The algorithm should be simple. I'd keep two queues of nodes to visit, one for each colour. Pop nodes off the queues alternately, mark its colour, and push any non-visited adjacent nodes into the queue for the opposite colour. Terminate when the number of visited nodes + the length of both queues = number of nodes in the graph.

Traverse the graph and alternate, if it doesn't succeded it means that your graph is not bipartite.

If you are sure that the graph is biparte, then you can just assign colors alternating them for traversing each vertex, as it holds that:

A graph is bipartite if and only if it is 2-colorable.

From Wikipedia (http://en.wikipedia.org/wiki/Bipartite_graph)

If a bipartite graph is connected, its bipartition can be defined by the parity of the distances from any arbitrarily chosen vertex v: one subset consists of the vertices at even distance to v and the other subset consists of the vertices at odd distance to v.

Thus, one may efficiently test whether a graph is bipartite by using this parity technique to assign vertices to the two subsets U and V, separately within each connected component of the graph, and then examine each edge to verify that it has endpoints assigned to different subsets.

I implemented it in my graph drawing tool, you can see my code in JavaScript.

I just marked first vertex as left partity, then recursively marked it's neighbours as right partity, recursively mark their neighbours as left partity... If you find correctly marked node, stop recursion of this branch. If you find uncorrectly marked node, graph is not bipartite.
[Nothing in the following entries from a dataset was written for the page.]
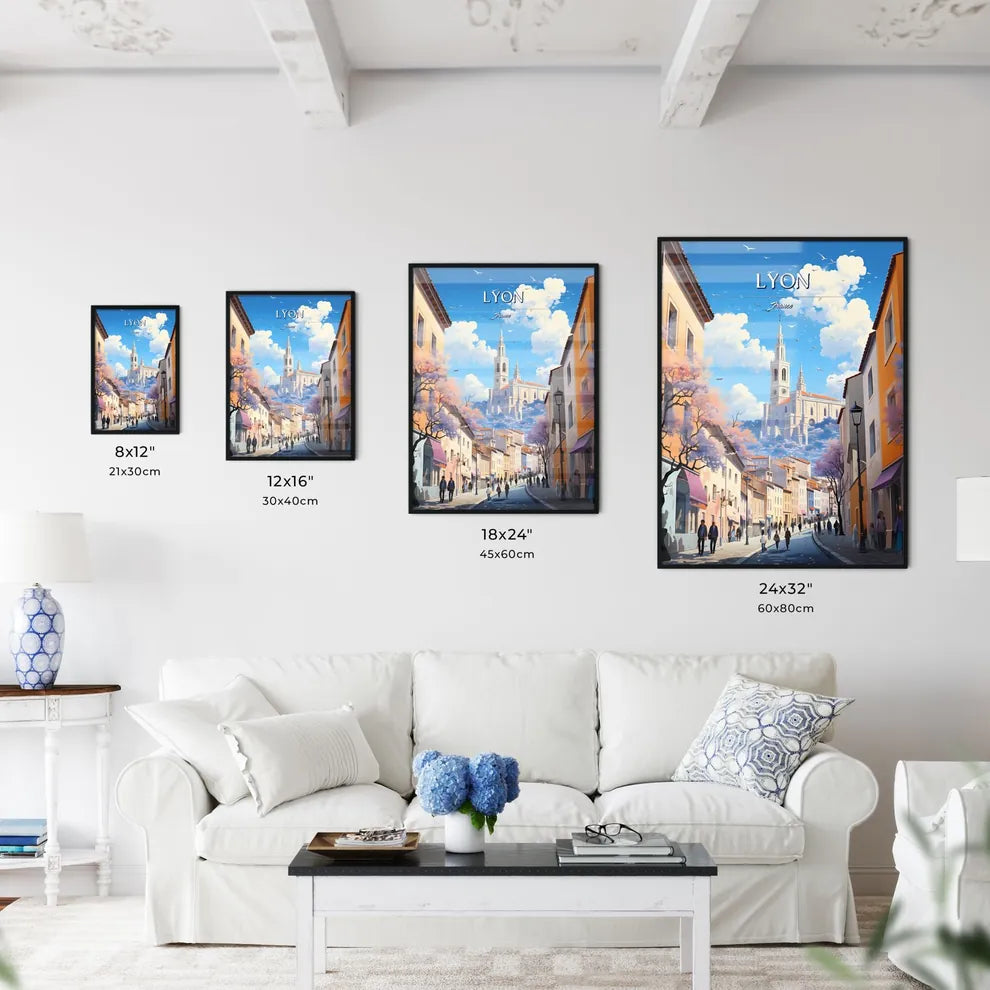 Lyon, France - Art print of a street with people walking down it and a castle in the distance Size Chart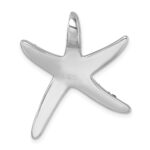 Sterling Silver Rhodium-plated Polished Blue Crystal Star Fish Chain Slide - Image 3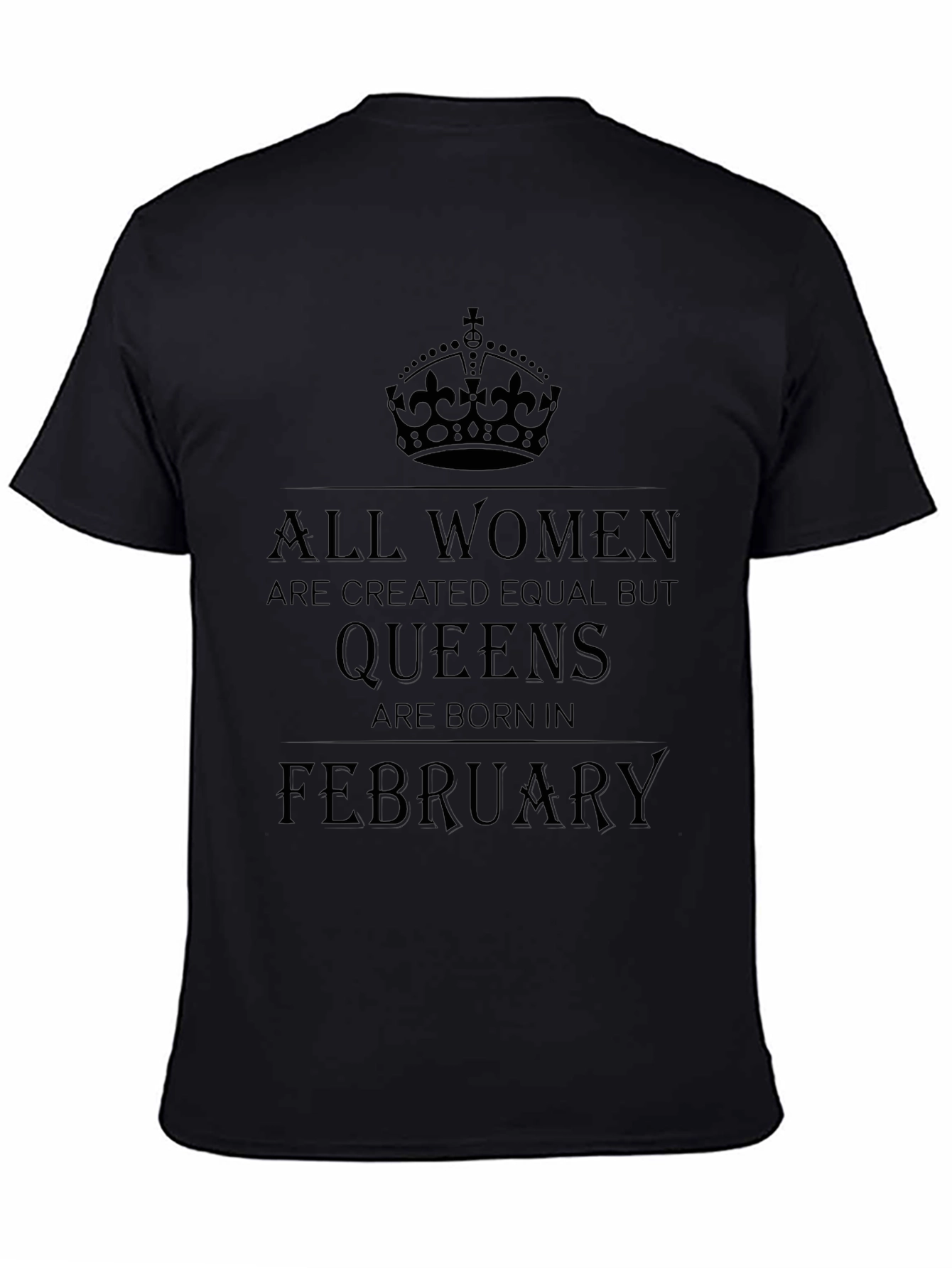 Queens Born in February T-Shirt - Black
Maybe it can be done simpler, but during last few months I had some hard Prolog - Haskell coding days, maybe it had affected my brain and now I see recursion in everything :-D

Just in case anyone's curious, here's the code I came up with:

def dfs(root, colorings):
    to_visit1 = deque()
    to_visit2 = deque()
    to_visit1.append(root)
    while len(to_visit1) != 0 or len(to_visit2) != 0:
        dfs_color(to_visit1, to_visit2, True, colorings)
        dfs_color(to_visit2, to_visit1, False, colorings)

def dfs_color(queue, opposite_queue, color, colorings):
    while len(queue) != 0:
    v = queue.pop()
    if v in adjacency_list:
        colorings[v] = color
        neighbors = adjacency_list[v]
        del adjacency_list[v]
        for neighbor in neighbors:
        opposite_queue.append(neighbor)

Admittedly, this isn't my best code. I'm using True/False as the color because when I used recursion, it made it easy to just say not color. Of course, I had to change it because I blew my stack on bigger graphs. Also to give credit where due, this code is based on the wikipedia code for DFS.

Although as has been pointed out, I think this may just be a disguised BFS.